Wednesday, February 25, 2009
Joel 2:12-19 / Matthew 6:16-21
It is once again Ash Wednesday, and the Catholic faithful will again confront that perennial question: Do we wash the ashes from our face or leave them on for the day? In North America, where the custom prevails of applying the ashes to the forehead in a visible cross of lesser or greater magnitude, the question cannot be avoided. To wash, or not to wash.
Many of the faithful cannot avoid something of a twinge of guilt on hearing the words of the Word Incarnate in the Gospel today: But you, when you do fast, anoint your head and wash your face, so that you may not be seen fasting by men, but by your Father, who is in secret; and your Father, who sees in secret, will reward you. Could there by any command, any dictum of the Lord clearer than this? Those who disfigure their faces in order to appear to men as fasting are hypocrites who have received their reward, and the implication is that it is not a reward any would willingly seek. It sounds with the solid thunder of a syllogism, its logic as inescapable as any demonstrative proof. Those fasting ought not to appear to be so, the visible wearing of ashes does make one appear to be fasting, therefore those fasting ought not to be seen wearing ashes on their forehead. QED.
This would all be compelling if it were not for the overtly public character of repentance demanded by God through the prophet Joel: Blow the trumpet in Sion, sanctify a fast, call a solemn assembly, gather together the people, sanctify the Church, assemble the ancients, gather together the little ones and those who suck at the breasts: let the bridegroom go forth from his bed and the bride out of her chamber.
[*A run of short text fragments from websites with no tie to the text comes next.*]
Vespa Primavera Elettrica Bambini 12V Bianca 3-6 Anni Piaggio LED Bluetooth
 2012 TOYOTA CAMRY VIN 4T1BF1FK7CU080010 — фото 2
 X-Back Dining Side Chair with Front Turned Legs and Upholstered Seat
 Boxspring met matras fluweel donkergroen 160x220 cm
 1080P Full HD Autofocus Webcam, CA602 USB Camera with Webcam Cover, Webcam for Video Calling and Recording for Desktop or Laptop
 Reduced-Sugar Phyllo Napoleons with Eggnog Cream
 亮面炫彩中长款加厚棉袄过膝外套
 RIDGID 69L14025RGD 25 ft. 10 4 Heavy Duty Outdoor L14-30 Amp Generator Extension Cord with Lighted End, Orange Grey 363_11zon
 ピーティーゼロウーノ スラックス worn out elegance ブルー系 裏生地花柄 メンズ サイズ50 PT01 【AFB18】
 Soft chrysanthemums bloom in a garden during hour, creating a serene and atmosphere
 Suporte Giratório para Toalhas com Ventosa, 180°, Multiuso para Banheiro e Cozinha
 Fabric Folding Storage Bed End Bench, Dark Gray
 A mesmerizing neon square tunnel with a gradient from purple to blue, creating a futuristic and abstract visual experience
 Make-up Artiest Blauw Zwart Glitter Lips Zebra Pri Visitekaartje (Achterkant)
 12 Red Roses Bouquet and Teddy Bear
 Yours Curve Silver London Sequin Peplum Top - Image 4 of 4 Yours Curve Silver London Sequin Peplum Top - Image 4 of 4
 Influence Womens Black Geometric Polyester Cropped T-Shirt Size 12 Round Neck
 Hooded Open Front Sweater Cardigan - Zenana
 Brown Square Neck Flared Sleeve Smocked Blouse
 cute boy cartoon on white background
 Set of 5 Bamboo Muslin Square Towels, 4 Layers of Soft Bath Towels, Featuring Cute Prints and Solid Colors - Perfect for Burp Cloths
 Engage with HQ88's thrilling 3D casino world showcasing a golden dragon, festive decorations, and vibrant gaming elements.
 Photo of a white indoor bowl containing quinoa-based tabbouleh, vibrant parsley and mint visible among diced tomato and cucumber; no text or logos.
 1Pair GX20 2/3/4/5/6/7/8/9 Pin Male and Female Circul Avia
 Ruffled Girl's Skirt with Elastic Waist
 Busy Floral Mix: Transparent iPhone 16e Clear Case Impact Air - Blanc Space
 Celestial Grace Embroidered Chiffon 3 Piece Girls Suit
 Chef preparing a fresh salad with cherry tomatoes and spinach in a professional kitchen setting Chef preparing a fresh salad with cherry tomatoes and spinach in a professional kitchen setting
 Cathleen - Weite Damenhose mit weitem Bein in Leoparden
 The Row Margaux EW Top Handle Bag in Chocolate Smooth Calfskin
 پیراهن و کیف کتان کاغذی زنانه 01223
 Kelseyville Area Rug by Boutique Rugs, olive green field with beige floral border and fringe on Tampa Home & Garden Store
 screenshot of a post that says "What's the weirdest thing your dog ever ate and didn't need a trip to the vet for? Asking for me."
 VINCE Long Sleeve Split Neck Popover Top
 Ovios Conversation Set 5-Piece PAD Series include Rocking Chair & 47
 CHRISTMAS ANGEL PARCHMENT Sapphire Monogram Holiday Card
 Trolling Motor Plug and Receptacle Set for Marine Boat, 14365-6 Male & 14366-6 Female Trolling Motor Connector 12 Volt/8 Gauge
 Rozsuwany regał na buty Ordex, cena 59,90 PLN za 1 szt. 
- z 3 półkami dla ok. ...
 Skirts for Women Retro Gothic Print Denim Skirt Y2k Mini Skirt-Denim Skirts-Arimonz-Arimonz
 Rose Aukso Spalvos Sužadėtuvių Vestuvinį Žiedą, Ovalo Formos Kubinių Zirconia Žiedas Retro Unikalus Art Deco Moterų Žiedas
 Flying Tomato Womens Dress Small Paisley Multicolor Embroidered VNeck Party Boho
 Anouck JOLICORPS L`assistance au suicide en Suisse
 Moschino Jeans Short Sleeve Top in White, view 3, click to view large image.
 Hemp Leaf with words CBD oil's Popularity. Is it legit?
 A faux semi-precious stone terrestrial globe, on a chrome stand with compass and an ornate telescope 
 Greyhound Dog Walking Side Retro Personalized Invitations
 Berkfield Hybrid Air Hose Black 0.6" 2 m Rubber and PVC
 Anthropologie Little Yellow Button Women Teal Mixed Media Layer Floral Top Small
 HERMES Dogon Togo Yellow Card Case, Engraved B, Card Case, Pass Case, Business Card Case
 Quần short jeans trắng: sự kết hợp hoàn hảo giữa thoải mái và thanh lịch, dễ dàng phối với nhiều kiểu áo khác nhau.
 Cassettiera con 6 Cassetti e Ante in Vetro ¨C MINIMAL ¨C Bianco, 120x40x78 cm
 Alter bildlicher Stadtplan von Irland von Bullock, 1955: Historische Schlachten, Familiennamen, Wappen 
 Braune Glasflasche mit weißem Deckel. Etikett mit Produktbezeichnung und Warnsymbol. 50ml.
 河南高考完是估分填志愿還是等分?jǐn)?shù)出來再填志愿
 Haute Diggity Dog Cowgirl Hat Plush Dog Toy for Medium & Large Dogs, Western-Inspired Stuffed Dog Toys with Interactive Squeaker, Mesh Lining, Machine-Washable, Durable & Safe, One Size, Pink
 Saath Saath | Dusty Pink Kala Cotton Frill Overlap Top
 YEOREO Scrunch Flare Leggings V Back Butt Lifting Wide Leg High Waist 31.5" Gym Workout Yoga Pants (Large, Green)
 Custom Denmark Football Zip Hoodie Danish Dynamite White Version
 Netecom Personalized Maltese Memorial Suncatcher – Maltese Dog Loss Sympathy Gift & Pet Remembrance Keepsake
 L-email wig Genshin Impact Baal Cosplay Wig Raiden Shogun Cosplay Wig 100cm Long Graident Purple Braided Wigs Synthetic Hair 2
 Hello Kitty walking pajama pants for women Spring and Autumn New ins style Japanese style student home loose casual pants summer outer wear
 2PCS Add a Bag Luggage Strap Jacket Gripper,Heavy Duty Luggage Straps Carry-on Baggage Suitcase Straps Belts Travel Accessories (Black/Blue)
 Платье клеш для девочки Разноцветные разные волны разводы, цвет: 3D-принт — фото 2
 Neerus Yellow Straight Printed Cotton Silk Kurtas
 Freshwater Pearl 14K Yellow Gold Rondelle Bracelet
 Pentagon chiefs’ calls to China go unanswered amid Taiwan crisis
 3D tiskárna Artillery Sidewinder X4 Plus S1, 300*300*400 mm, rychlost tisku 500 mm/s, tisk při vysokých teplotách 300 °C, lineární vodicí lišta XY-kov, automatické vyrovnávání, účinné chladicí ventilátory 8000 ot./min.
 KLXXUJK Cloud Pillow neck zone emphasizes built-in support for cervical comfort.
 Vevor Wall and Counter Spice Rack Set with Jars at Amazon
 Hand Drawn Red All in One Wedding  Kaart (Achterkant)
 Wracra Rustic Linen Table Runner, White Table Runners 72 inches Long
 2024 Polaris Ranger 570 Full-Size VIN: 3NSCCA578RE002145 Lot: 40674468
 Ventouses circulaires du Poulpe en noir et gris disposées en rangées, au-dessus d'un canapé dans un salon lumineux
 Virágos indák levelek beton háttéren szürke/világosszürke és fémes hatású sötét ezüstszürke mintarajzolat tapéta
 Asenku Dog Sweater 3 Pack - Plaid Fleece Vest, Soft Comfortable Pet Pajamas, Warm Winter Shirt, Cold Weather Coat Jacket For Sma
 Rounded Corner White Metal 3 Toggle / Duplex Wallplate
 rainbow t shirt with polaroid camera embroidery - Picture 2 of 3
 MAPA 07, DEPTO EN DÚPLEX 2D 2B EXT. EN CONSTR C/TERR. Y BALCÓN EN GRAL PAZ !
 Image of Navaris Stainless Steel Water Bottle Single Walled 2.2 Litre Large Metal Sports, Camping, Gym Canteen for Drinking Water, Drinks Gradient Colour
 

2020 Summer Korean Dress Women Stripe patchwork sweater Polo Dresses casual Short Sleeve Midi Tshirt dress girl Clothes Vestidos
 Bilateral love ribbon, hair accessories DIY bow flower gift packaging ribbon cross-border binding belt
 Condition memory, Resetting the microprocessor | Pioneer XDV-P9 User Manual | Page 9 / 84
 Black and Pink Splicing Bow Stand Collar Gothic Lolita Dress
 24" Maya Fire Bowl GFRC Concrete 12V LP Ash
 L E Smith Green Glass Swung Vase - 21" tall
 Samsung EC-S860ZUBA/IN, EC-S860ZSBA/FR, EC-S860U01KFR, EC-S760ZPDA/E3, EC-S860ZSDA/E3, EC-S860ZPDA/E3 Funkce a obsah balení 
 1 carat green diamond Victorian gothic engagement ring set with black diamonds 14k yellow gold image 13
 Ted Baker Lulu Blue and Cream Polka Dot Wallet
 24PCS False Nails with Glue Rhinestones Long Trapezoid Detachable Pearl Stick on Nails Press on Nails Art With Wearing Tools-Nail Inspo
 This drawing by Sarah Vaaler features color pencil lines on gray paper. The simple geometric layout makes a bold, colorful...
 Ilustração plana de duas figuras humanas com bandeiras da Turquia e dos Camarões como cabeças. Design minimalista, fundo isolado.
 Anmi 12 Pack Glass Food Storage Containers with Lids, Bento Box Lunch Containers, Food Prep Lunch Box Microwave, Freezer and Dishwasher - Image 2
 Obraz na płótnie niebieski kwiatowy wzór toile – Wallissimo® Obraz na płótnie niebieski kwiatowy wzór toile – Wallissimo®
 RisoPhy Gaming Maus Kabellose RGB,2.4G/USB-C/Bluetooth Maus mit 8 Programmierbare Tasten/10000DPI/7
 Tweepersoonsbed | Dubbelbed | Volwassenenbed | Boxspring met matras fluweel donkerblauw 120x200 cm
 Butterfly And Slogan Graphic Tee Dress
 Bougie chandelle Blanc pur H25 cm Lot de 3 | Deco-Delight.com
Between the porch and the altar, the priests, the Lord's ministers, shall weep and shall say: Spare, O Lord, spare your people. This is no hidden fasting done in secret. This is no careful, private convocation, quickly erased by the judicious use of soap and towel, the discrete washing away of the signs of penitence as though nothing were different, everything just as normal. It is public, solemn, directed not only to the faithful within but to the whole world of unbelievers without: Why should they say among the nations: Where is their God?
There is of course a legitimate, indeed crucial, reason to worry about being too public in one's penitential disciplines. We engage the obsevances of Lent so that we might be converted, to restore ourselves to God, who has restored us to himself in Christ. To be concerned that others know of one's own fasting is fatally to miss the point. It means punishing the body and chastening the soul to be conformed to the world, and this is a failure on two counts. It is a failure spiritually since it is to Christ, and not the the fallen world, that we seek to be conformed. Yet, it is also a failure in worldly ways, since the sons of this age do not take kindly to those who refuse to revel in earthly delights. The publicly notorious penitent is an alien to God and the world alike, and has gained nothing for his trouble. He has received his reward.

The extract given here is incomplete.